Segment Start: GIVEN RECORDS

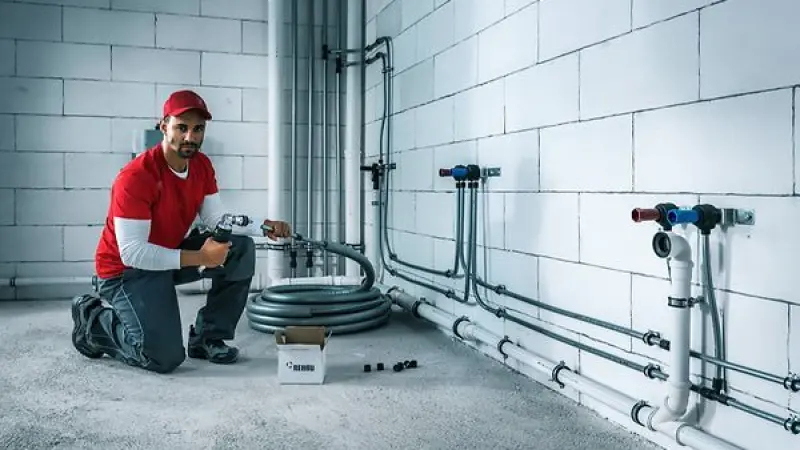 Online Reputation Management for Plumbers in London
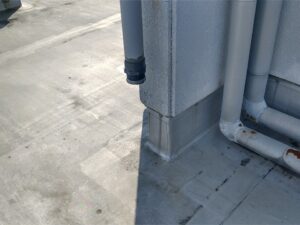 オーバーフロー管＿株式会社ビルカン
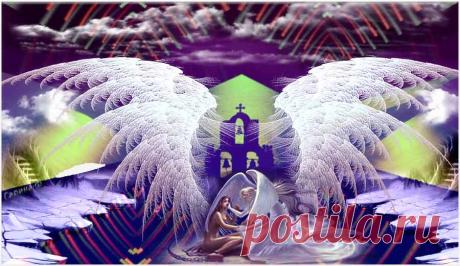 Учись прощать… Молись за обижающих,
    Зло побеждай лучом добра.
    Иди без колебаний в стан прощающих,
    Пока горит Голгофская звезда.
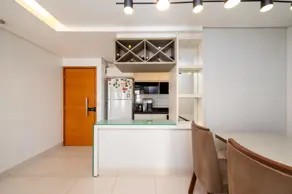 Imagem 6 - Apartamento em Residencial Eldorado, Goiânia - GO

Segment End: GIVEN RECORDS

▶ PROBLEM STATEMENT
Only the lines from the one containing "Учись прощать… Молись" through the last line of the data belong in the copy, both included and reproduced exactly. Pictures do not.

▶ ANSWER SECTION
 Учись прощать… Молись за обижающих,
    Зло побеждай лучом добра.
    Иди без колебаний в стан прощающих,
    Пока горит Голгофская звезда.
 Imagem 6 - Apartamento em Residencial Eldorado, Goiânia - GO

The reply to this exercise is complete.